**TASK GOAL:**
Would you give back exactly the lines from the line with "Kínai selyemmirtusz 'Lagerstroemia" through the end of the entries below, both included, but none of the pictures?

**EXERCISE INPUTS:**
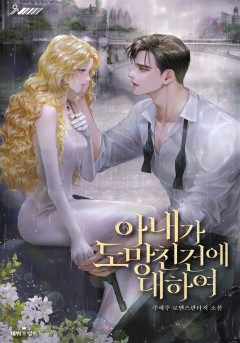 아내가 도망친 건에 대하여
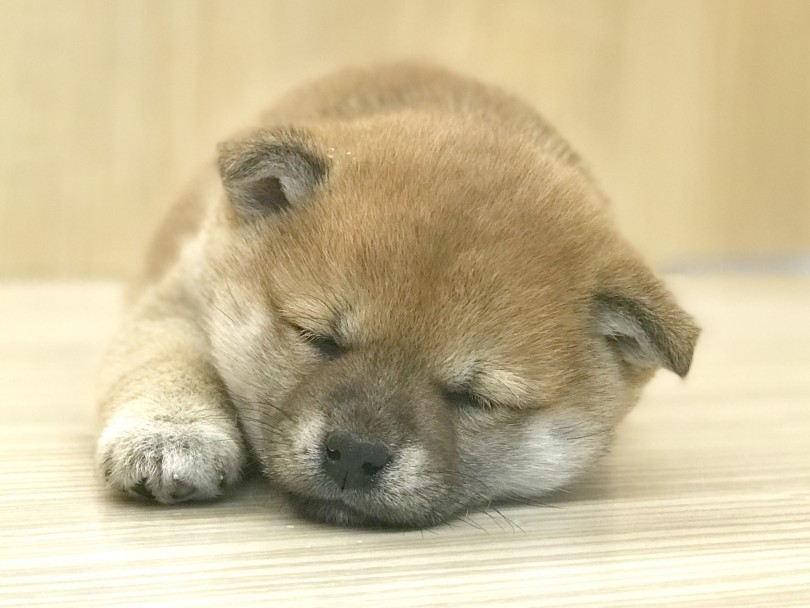 この寝顔を独り占めできるのはあなたかもしれませんよ？ | 柴犬 （120155） - 今宿店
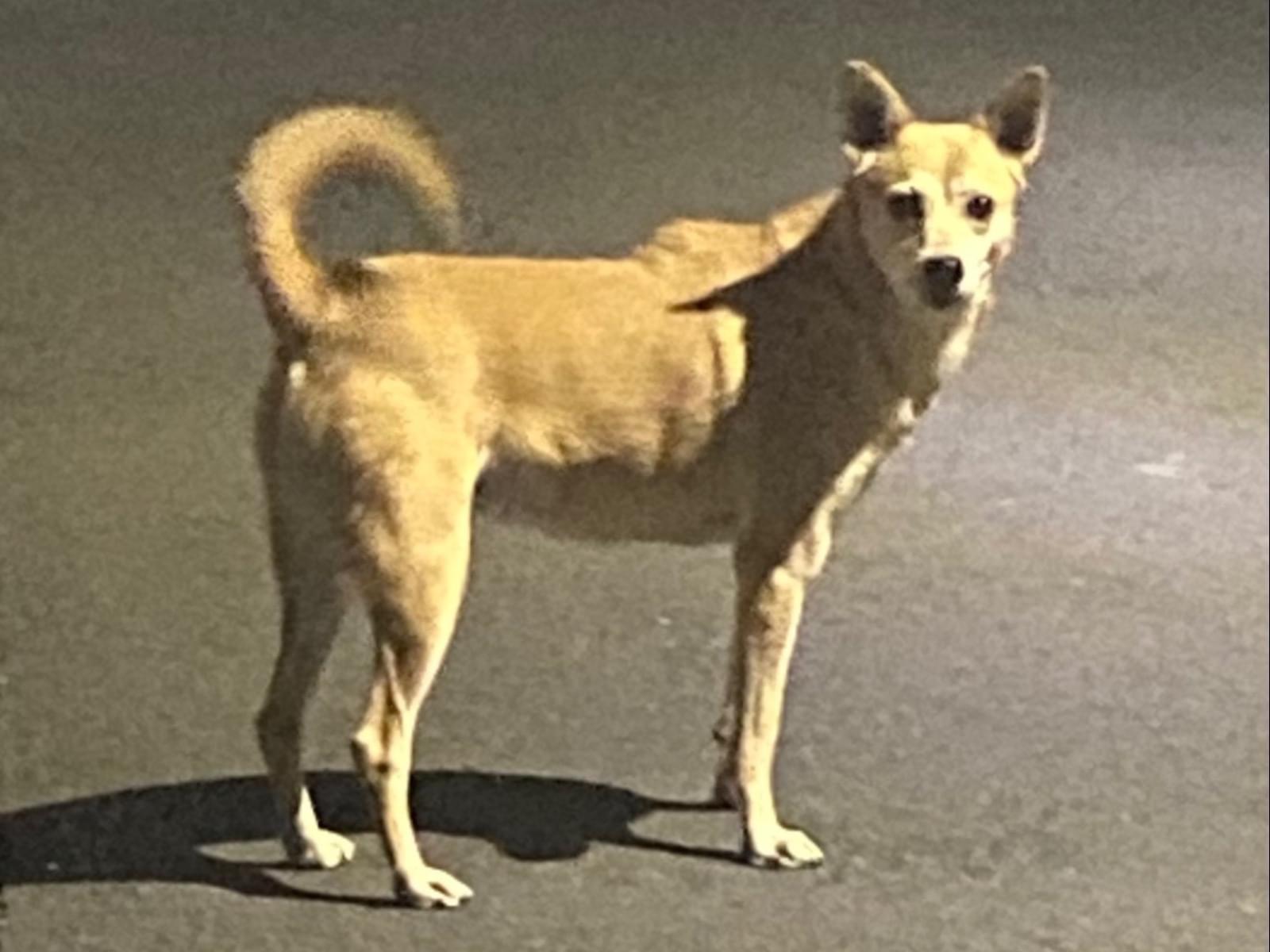 目撃された犬 目撃された犬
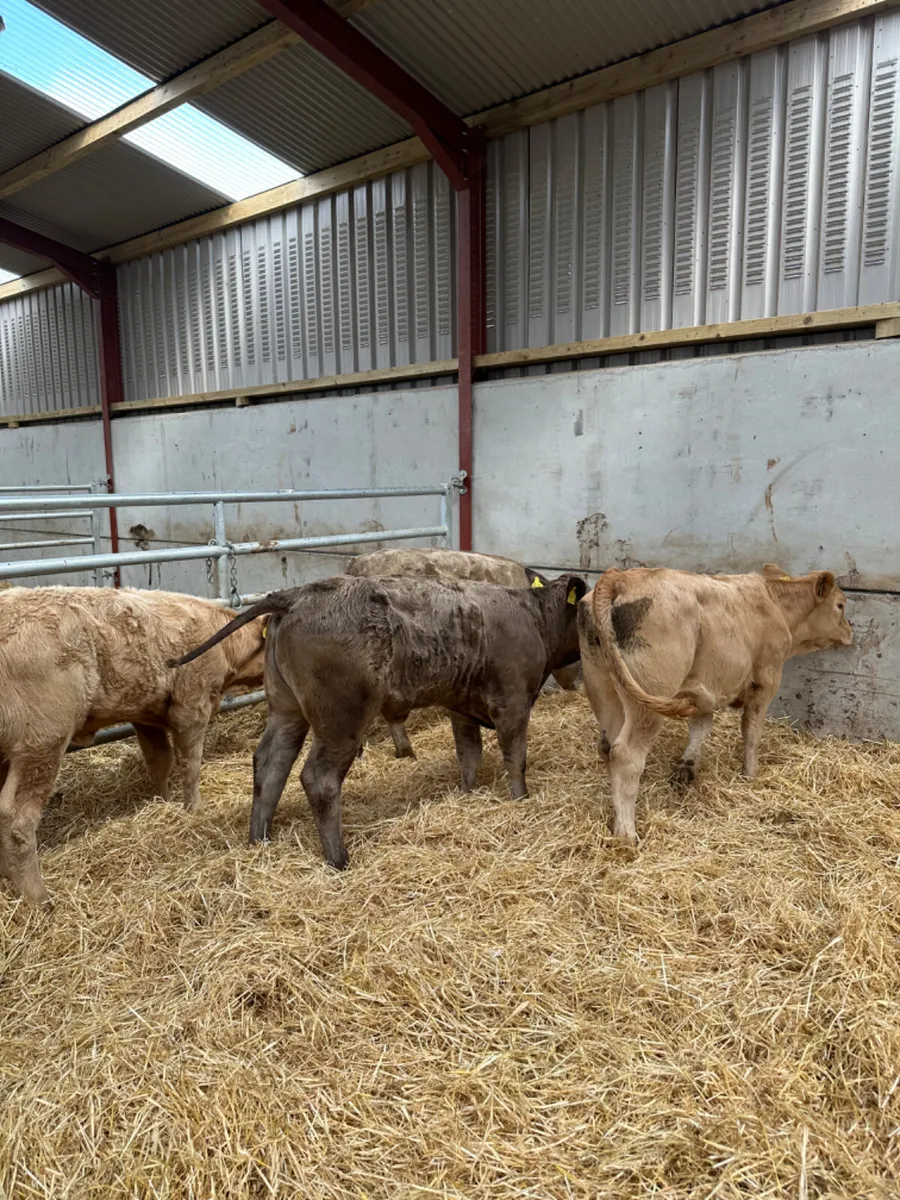 Charolais heifers - Image 1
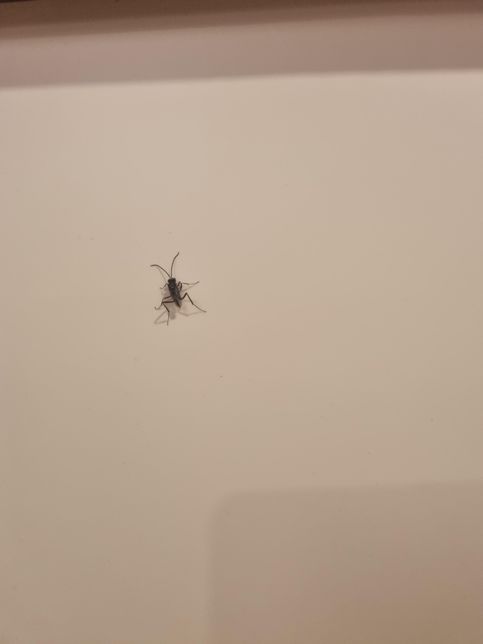 혹시 이벌레 이름 아시는분.. 잡으니까 눈이 꼭 파리같은데 날개달렸어요의 0번 째 이미지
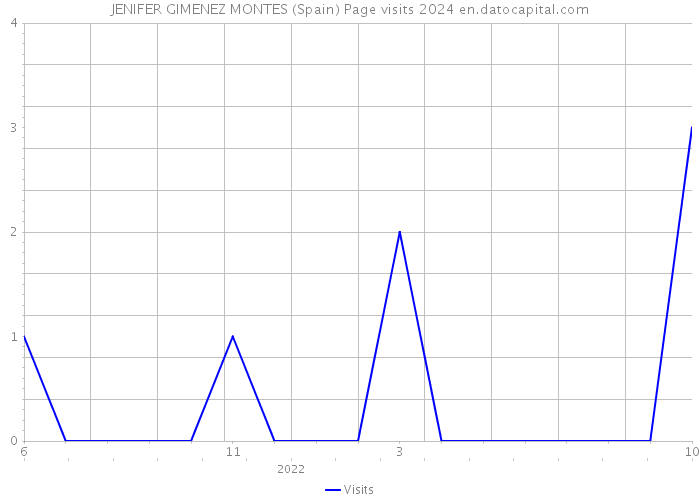 JENIFER GIMENEZ MONTES (Spain) Page visits 2024 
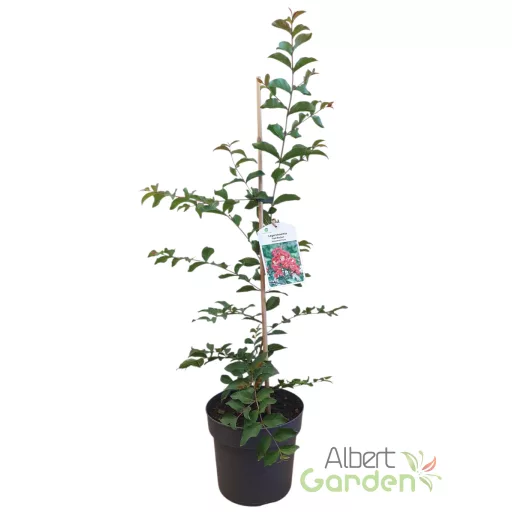 Kínai selyemmirtusz 'Lagerstroemia Indica Red Rocket'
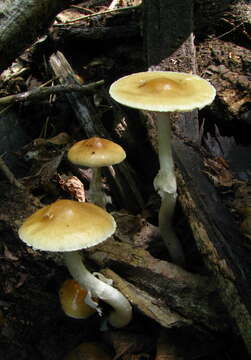 Image of Agrocybe praecox (Pers.) Fayod 1889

**YOUR SOLUTION:**
 Kínai selyemmirtusz 'Lagerstroemia Indica Red Rocket'
 Image of Agrocybe praecox (Pers.) Fayod 1889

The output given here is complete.